キャラクター相関表は「キャラクターA+関係タイプ+キャラクターB」を1行ずつ並べて、人物の網を1枚のリストに整理する表です。キャラクターが増えると、師弟・恋人・ライバルを頭だけで覚えるのは限界があり、前半では友人だったのに後半でいつの間にか宿敵に——なんてことも。このテンプレートは、それぞれの関係の経緯をはっきり書き出す手助けをします。オンラインで使えば、キャラクター設定シートと見比べながら整理できます。
テンプレートプレビュー
キャラクター相関表の項目例
| 項目 | 記入例 |
|---|---|
| キャラクターA | 蘇晚 |
| 関係タイプ | 幼なじみ → 恋人 |
| キャラクターB | 陸沉 |
| 関係の説明 | 幼い頃は同じ路地に住み、落城で10年生き別れ、第2巻で再会し次第に想いが芽生える |
このテンプレートの書き方
キャラクターが増えると、関係は底なし沼になります。師弟、恋人、ライバル、同盟、血縁……頭だけで覚えていると、書き進めるうちにミスが出やすくなります。前半では明らかに友人だったのに、後半でいつの間にか敵になっていて転換の説明がない、とか。あるいは2人のキャラクターの呼び方が前後で食い違う、とか。キャラクター相関表は、この「人物の網」を、参照できる1枚のリストに平らに広げるものです。
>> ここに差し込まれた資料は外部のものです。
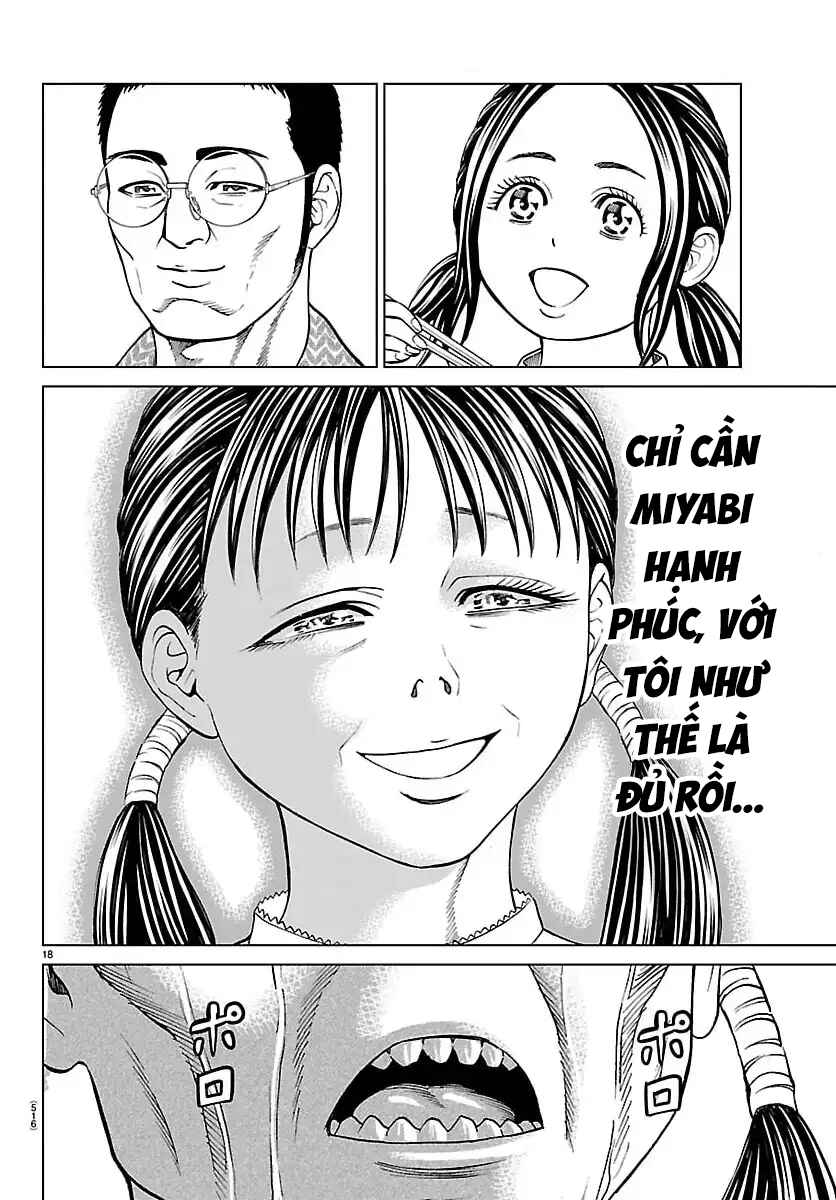 Psycho × Past - Ryouki Satsujin Sennyuu Sousa Chapter 48 - Page 20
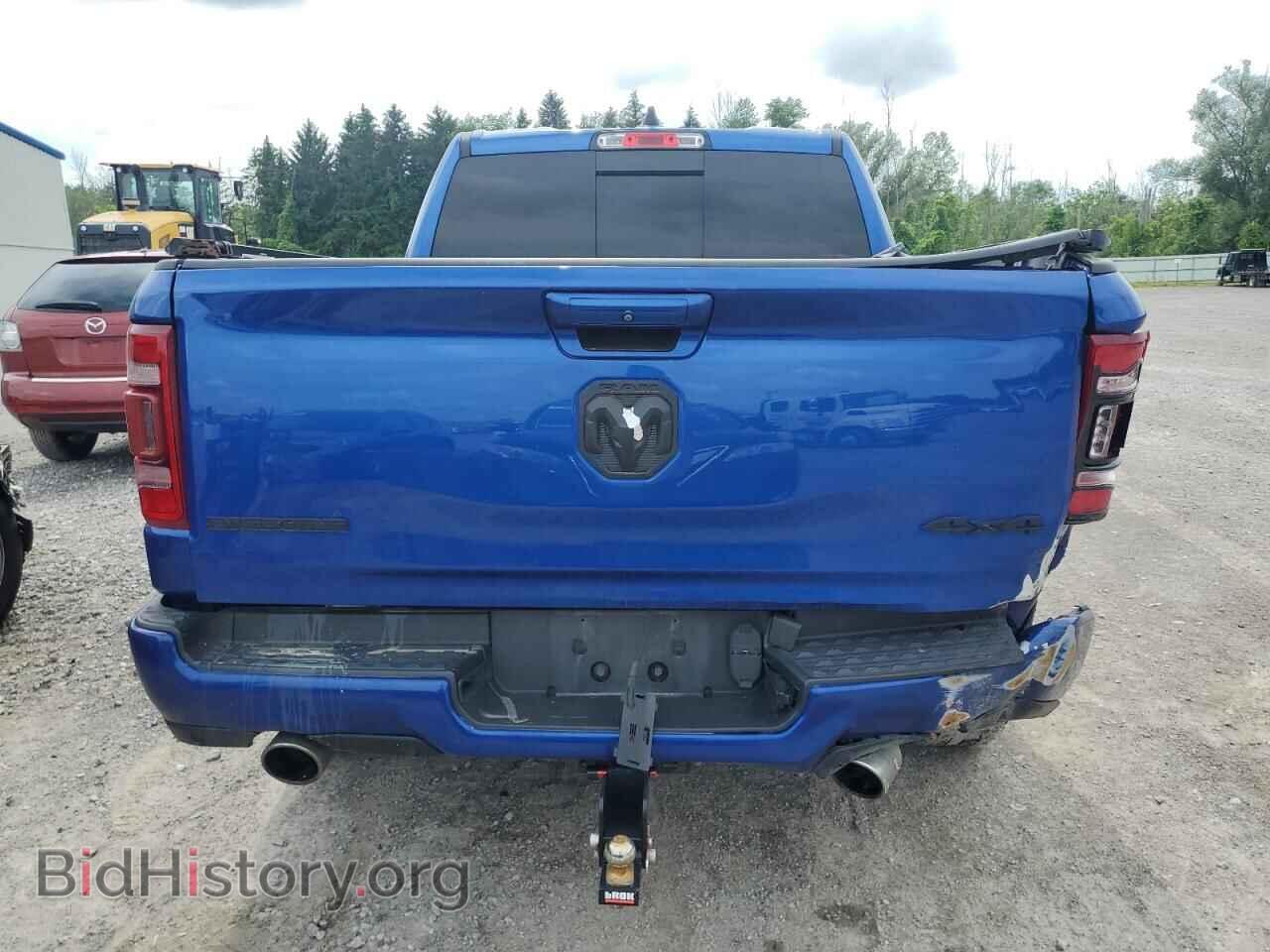 2019 RAM 1500 - VIN: 1C6SRFFT2KN689409 - Фото 6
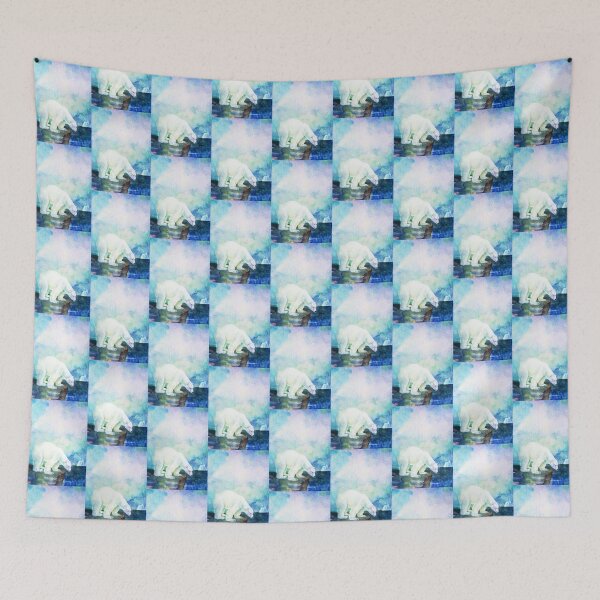 Item preview, POLAR BEAR designed and sold by Tammera.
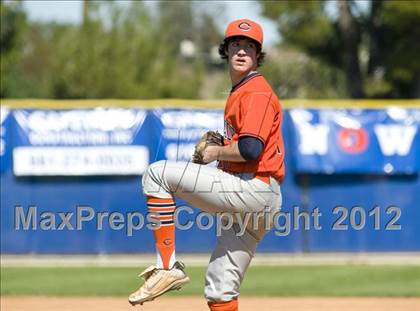Thumbnail 2 in El Camino Real vs. Chaminade photogallery.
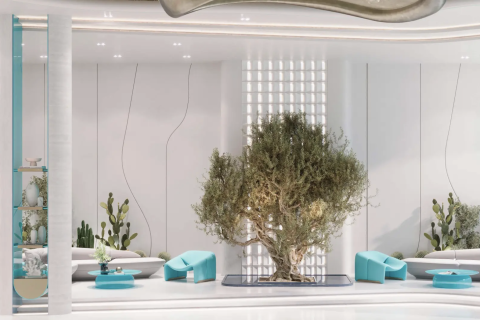 Купить квартиру в Дубае: 3 спальни, 127м², № 97491 - фото 5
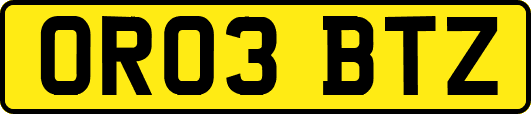 OR03BTZ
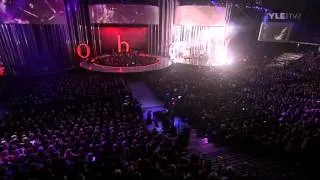 Evanescence - Bring Me To Life (Nobel Peace Prize) @Oslo, Norway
いちばんシンプルで使いやすいのは「キャラクターA+関係タイプ+キャラクターB」という1行1組の書き方で、まるで1本1本の線を描いていくような感覚です。「関係タイプ」は現状(師弟・恋人・ライバル)を固定して書いても、変化(「幼なじみ → 恋人」「戦友 → 決裂」)を書き出してもかまいません。後者はストーリーとともに変わっていく関係にとくに向いています。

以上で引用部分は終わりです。